Syria, which has not signed a treaty banning chemical arms, says it would never use such weapons against its own people and accuses the West of stoking such fears to justify intervention.
The Marrakech text made no commitment to arm the insurgents, and France said it was not ready to supply weapons.
"For now we have decided not to move on this," French Foreign Minister Laurent Fabius told reporters in Morocco. "We shall see in the coming months."
A Western diplomat at the meeting said Western powers did not rule out arming rebel units in the future, but want assurances about who would get the weapons.
"No option is ruled out. But there are big issues about the legality of intervening in a civil war. Any support to any group depends on the command control and the discipline on the ground," the diplomat said on condition of anonymity.
The Syrian state news agency SANA said Obama's recognition of the political opposition, which coincided with Washington's classification of Jabhat al-Nusra as a terrorist organisation, "proves American hypocrisy".
Russia also criticised the U.S. recognition, saying it ran counter to an agreement to seek political transition. Foreign Minister Sergei Lavrov said that it appeared the United States was betting on "armed victory" of Assad's opponents.
The rise of Jabhat al-Nusra to prominence has clearly alarmed the United States, which is worried about Assad being replaced by radicals linked to al Qaeda.
Jabhat al-Nusra recruits Islamist fighters from around the Muslim world. Its precise numbers are not clear but its Syrian and foreign guerrillas are powerful in the northern Syrian cities of Aleppo and Idlib. They have used suicide attacks to target checkpoints and now take the lead in attacks on army bases in northern Syria.

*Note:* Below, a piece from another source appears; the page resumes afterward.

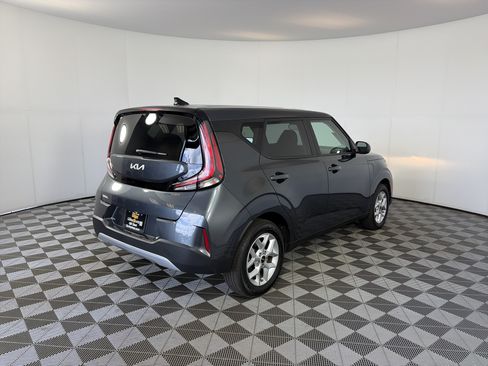 Used 2025 Kia Soul LX w/ LX Technology Package FWD image 9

Alkhatib, the opposition coalition leader, said Washington should reconsider its designation of the group as terrorists.
"The decision to consider a party that is fighting the regime as a terrorist party needs to be reviewed," he said.
"We might disagree with some parties and their ideas and their political and ideological vision. But we affirm that all the guns of the rebels are aimed at overthrowing the tyrannical criminal regime."
The West blames the Syrian government and allied Alawite militias for most of the 40,000 deaths in the 20-month conflict against mainly Sunni Muslim rebels. Civilians from both sects have been victims of atrocities.
Activists say as many as 200 Alawites were either injured or killed on Tuesday by rampaging gunmen in Aqrab, a central Syrian village. Details of the incident were impossible to verify.
Fighting is moving closer to Assad's residence in the centre of Damascus. Early on Wednesday government forces fired artillery and rockets at south-western suburbs of the capital adjacent to the Mezzeh military airport, activists said.
A resident reported sirens and shooting after a "huge explosion" in Kafar Souseh, location of the Interior Ministry, in an area contested by rebels and forces loyal to Assad.
SANA said on Wednesday that "terrorists" had also detonated two bombs in the Damascus district of Jaramana, killing one person and wounding five.
The rebels now hold a near continuous arc of territory from the east to the southwest of the capital. With conditions deteriorating, Damascus residents face power and food crises.
(Additional reporting by Dominic Evans, Oliver Holmes and Mariam Karouny in Beirut, Adrian Croft in Brussels and David Alexander and Matt Spetalnick in Washington; Writing by Peter Graff; Editing by Mark Heinrich)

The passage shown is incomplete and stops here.